Six of the creeks are named for characters in Kalapuya oral stories about the mountain and Mary’s River, including Ahngeengeen, meaning “the Flint,” Ahnhoots, meaning “the Panther,” and Ahmoolint, or “the wolf” in central Kalapuya language.
Three of the creeks are named in the Wusi’n language; Wusi’n, the name of the tribe, Pa’wint meaning "cinnamon bear," a reddish-brown black bear found on Mary’s Peak and Lo wa’ ha yu, meaning "mountain" in English.
The final creek is called Yaqo’n, which is how Yaquina people refer to themselves in their language.
After the group agreed upon the 10 names for the creeks, it contacted the OGNB for the next steps in the process.

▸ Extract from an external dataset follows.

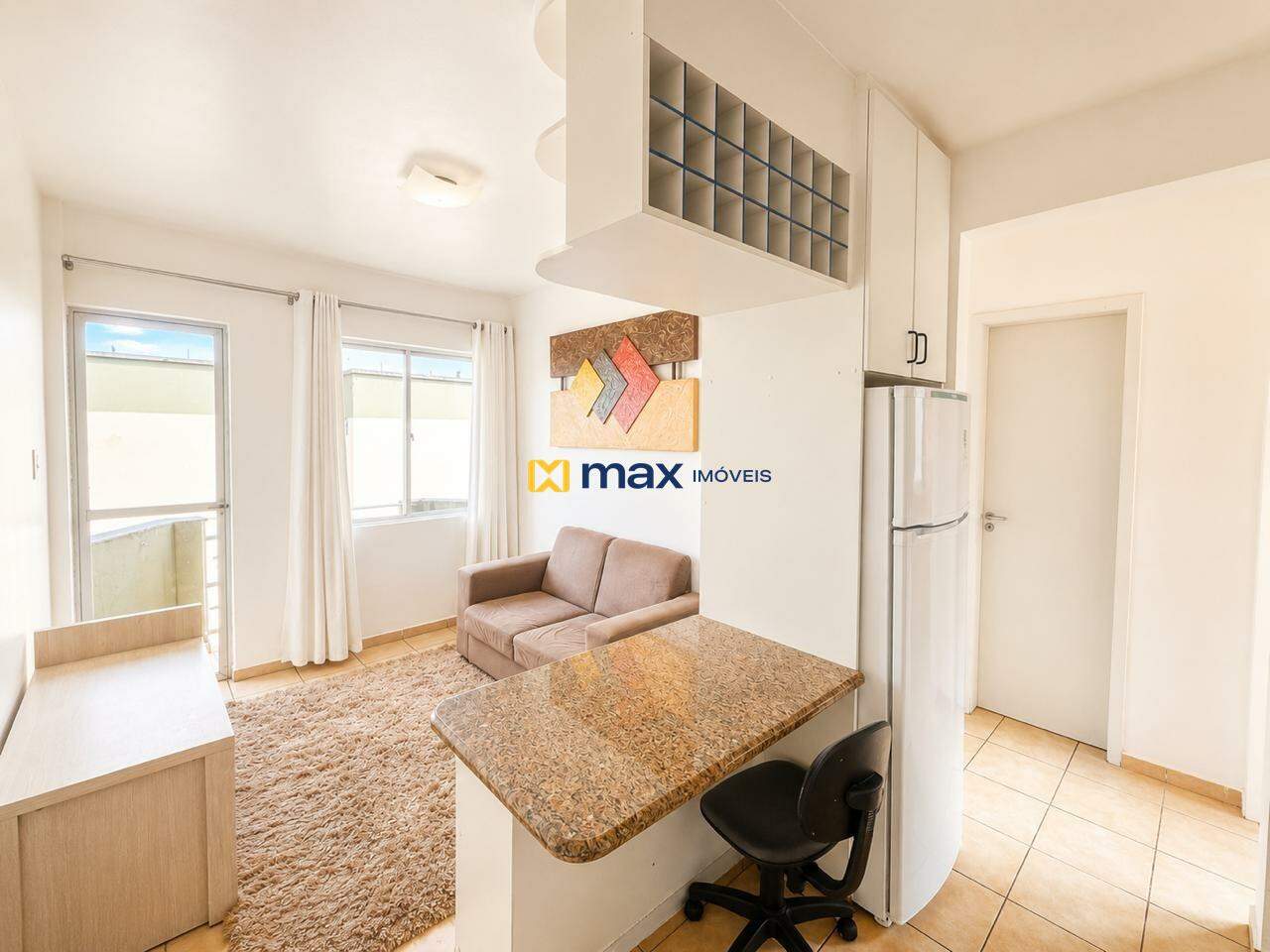 Apartamento para aluguel no Pioneiros:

The OGNB helped assemble the appropriate supplementary documents before voting unanimously to approve the names. The USBGN followed suit.
Remaining Issues
Although the OGNB and USBGN work to eliminate offensive and racist place names, the agencies don’t control all offensively-named locations in Oregon.
Winding more than 30 miles through Jackson County, cars cruise up county-owned Dead Indian Memorial Road. Jackson County, which is in charge of naming the road, refuses to change it, despite decades-long controversy over the offensive name.
Also in Jackson County, the OGNB recently renamed several geographic features formerly called “Dead Indian” as Latgawa Creek, Latgawa Mountain and Latgawa Soda Springs. The OGNB doesn’t have the same recourse in the case of a county-owned feature.
For over 140 years, Dead Indian Memorial Road was known as Dead Indian Road until Jackson County officials added “Memorial” in 1993.
That doesn’t go far enough, according to Lewis, who, along with Jolene Bettles (Klamath, Nez Perce, Chugach, Wasco, Aleut), started a campaign in 2020 urging Jackson County Commissioners to change the name of Dead Indian Memorial Road.
“They changed it to ‘Memorial’ — doesn't really make it any better,” Lewis said. “But we tried to change it, like I had a campaign a couple of years ago to try and change that, and we could not get Jackson County Board of Commissioners to listen to us.”
Jackson County Board of Commissioners did not respond to a request for comment.
Part of Lewis’ campaign was a petition urging the commissioners to recognize a connection between the name of the road and the period of Oregon’s history fraught with widespread violence against Indigenous peoples.
“This realization has deeper connotations and makes the meaning behind ‘Dead Indian Memorial Road’ quite clear, as it represents a time when American Indian communities, our families, were killed by settler militia without any fear of punishment, and our own people were without legal recourse or protections under American law,” Lewis and Bettles’ statement reads.
The petition garnered more than 8,000 signatures.
Jackson County ignored the campaign.
“This name does nothing but prop up the vainglory of the settlers and gold miners who committed genocide on whole tribes of Native people because they wanted wealth and land,” the petition says.
Until the Jackson County Board of Commissioners votes to change the name, it will remain.